An Optimized Hybrid Deep Intrusion Detection Model (HD-IDM) for Enhancing Network Security

Abstract

Detecting cyber intrusions in network traffic is a tough task for cybersecurity. Current methods struggle with the complexity of understanding patterns in network data. To solve this, we present the Hybrid Deep Learning Intrusion Detection Model (HD-IDM), a new way that combines GRU and LSTM classifiers. GRU is good at catching quick patterns, while LSTM handles long-term ones. HD-IDM blends these models using weighted averaging, boosting accuracy, especially with complex patterns. We tested HD-IDM on four datasets: CSE-CIC-IDS2017, CSE-CIC-IDS2018, NSL KDD, and CIC-DDoS2019. The HD-IDM classifier achieved remarkable performance metrics on all datasets. It attains an outstanding accuracy of 99.91%, showcasing its consistent precision across the dataset. With an impressive precision of 99.62%, it excels in accurately categorizing positive cases, crucial for minimizing false positives.

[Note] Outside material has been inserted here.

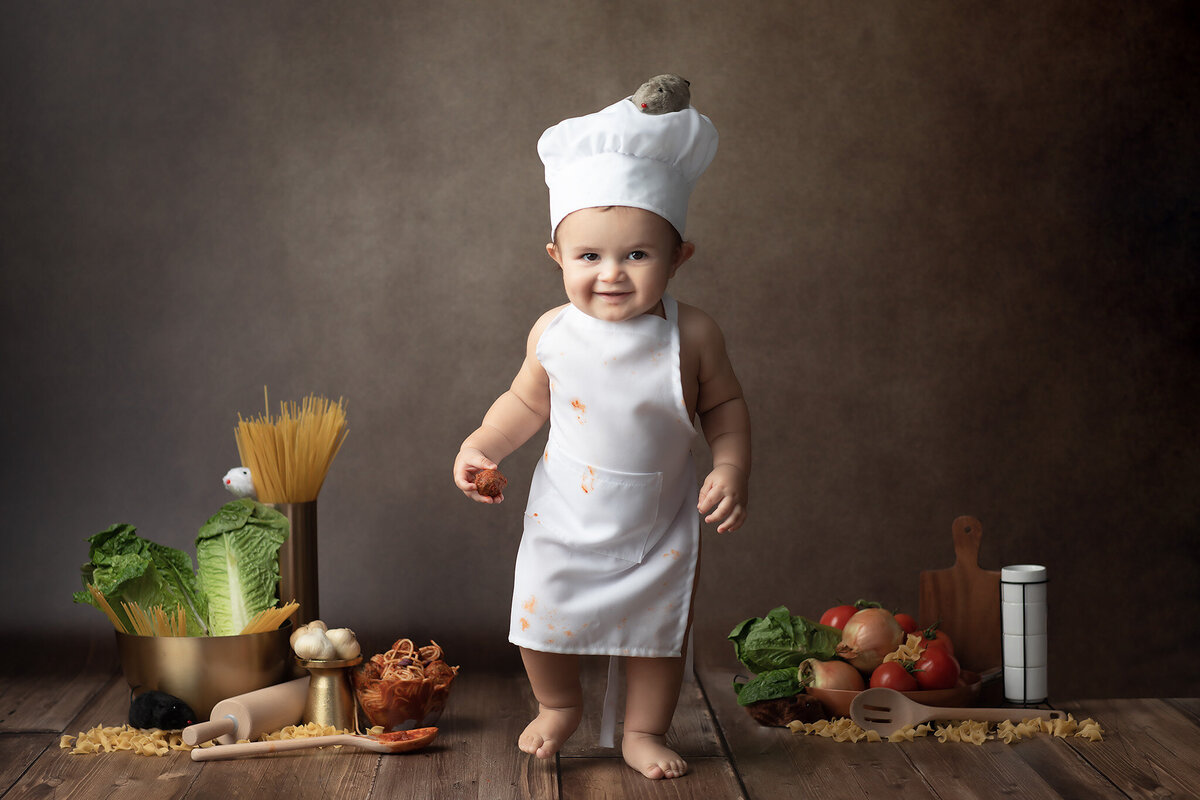 A baby dressed as a tiny chef, complete with a white apron and chef's hat, stands confidently in a kitchen-themed setup with spaghetti, fresh vegetables, and pasta scattered around, showcasing a playful Dallas milestone photography session.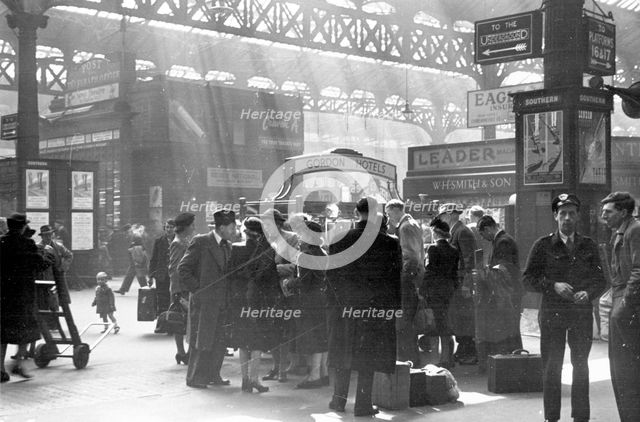 Locomotive spotters at Victoria Station, London, 1950. Creator: Henry Grant.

Additionally, maintaining a high recall of 99.43%, it effectively identifies the majority of actual positive cases while minimizing false negatives. The F1-score of 99.52% emphasizes its robustness, making it the top choice for classification tasks requiring precision and reliability. It is particularly good at ROC and precision/recall curves, discriminating normal and harmful network activities. While HD-IDM is promising, it has limits. It needs labeled data and may struggle with new intrusion methods. Future work should find ways to handle unlabeled data and adapt to emerging threats. Also, making HD-IDM work faster for real-time use and dealing with scalability challenges is key for its broader use in changing network environments.